Someone on twitter cited the article as proof that ionizers work to clear out viruses like the Coronavirus. Needless to say, I didn’t take this seriously at all and have no intention of buying any ionizer. But I checked the article out of curiosity and it contained the phrase I included in the subject. I read the article on the electronvolt in wikipedia, and I know an electronvolt is used as a measure of mass (and energy, as per Einstein) or several other things in the right context, but not voltage. So the phrase makes no sense to me.
Here’s article and the passage with the phrase.
So is this nonsense, or sense (but garbled), or is it correct and does it actually mean something scientific I know nothing about?
It is pretty garbled. I suspect translation issues and general unfamiliarity with electrical principles. These are primarily physicians, after all.
As you note, an electron-volt is a measure of energy. The 200000eV probably has some kind of meaning, but I have no clue what based on that article.
Also, while it might help, even the article itself does not claim ionizers “clear” the air of influenza but rather can reduce airborne transmission. I don’t have any difficulty believing this actual claim over whatever distorted claims you might see on Twitter.
One electron volt is the energy of putting one electron through a potential change of 1 volt. So maybe their description is a complicated way of saying that the ionizer operates at a voltage of 200,000 volts.
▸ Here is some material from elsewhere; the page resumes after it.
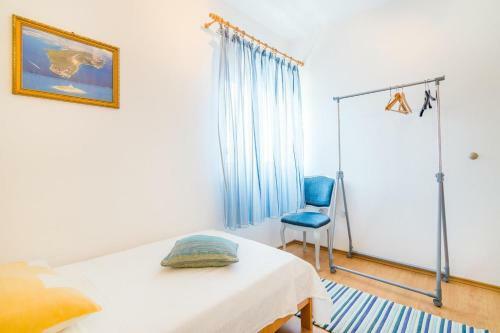Apartment Arbanija 7543b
Every electron coming off of the electrode would then be energized to 200,000 electron-volts.
The description in the OP is that their system operates with a current flow of less than 80μA. At 200,000 volts, this works out to 16 watts, a pretty reasonable number for a consumer-grade device. It’s not a lot of power, but then this isn’t a machine for boring through solid rock, it’s just ionizing the air to facilitate collection of airborne particulates.
Nah, from their article, the ionizer itself operates at 12V. It’s a commercial device, and probably draws more than a 80μA.
They have a separate collection plate for their measurements that operates at 80μA. Not sure why that’s relevant but it’s there.
That’s where things are nonsensical and/or confusing. They have an ionizer and a separate “collector plate” which is how they’re measuring ionization. They mention the current draw of their measuring device and the voltage supplied to their separate ionizing device. And then the third number, which is the 200000 electron-volts. There’s not really a way to connect these numbers directly.
And this is kind of an odd point of the system of units we’re using, albeit not without reason: Electricity is a flow of charged particles. Charged particles just sitting still aren’t electricity. Therefore, the base unit for “amount of electricity” is the amp, which is a certain amount of charge flowing past a point over the course of a second. The unit for “amount of charge” is the coulomb, which is defined as 1 A s, or one amp times one second.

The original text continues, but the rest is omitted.